** Opening The data block **

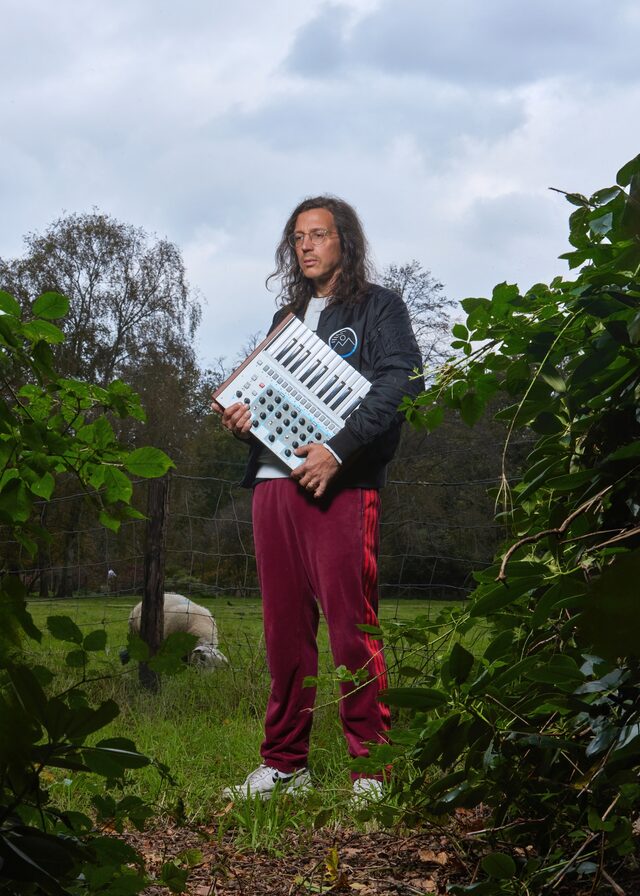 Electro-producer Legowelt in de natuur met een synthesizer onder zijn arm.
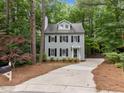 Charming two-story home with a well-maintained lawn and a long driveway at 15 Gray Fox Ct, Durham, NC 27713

** Closing The data block **
** Opening The data block **

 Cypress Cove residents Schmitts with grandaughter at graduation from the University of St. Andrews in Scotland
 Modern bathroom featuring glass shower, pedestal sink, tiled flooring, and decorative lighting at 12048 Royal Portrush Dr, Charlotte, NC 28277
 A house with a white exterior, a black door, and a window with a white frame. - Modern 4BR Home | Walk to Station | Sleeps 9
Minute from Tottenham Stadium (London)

** Closing The data block **

What is expected: Wherever the string "from" appears in a line of the records above, copy that line.

Solution for this problem:
 Cypress Cove residents Schmitts with grandaughter at graduation from the University of St. Andrews in Scotland
Minute from Tottenham Stadium (London)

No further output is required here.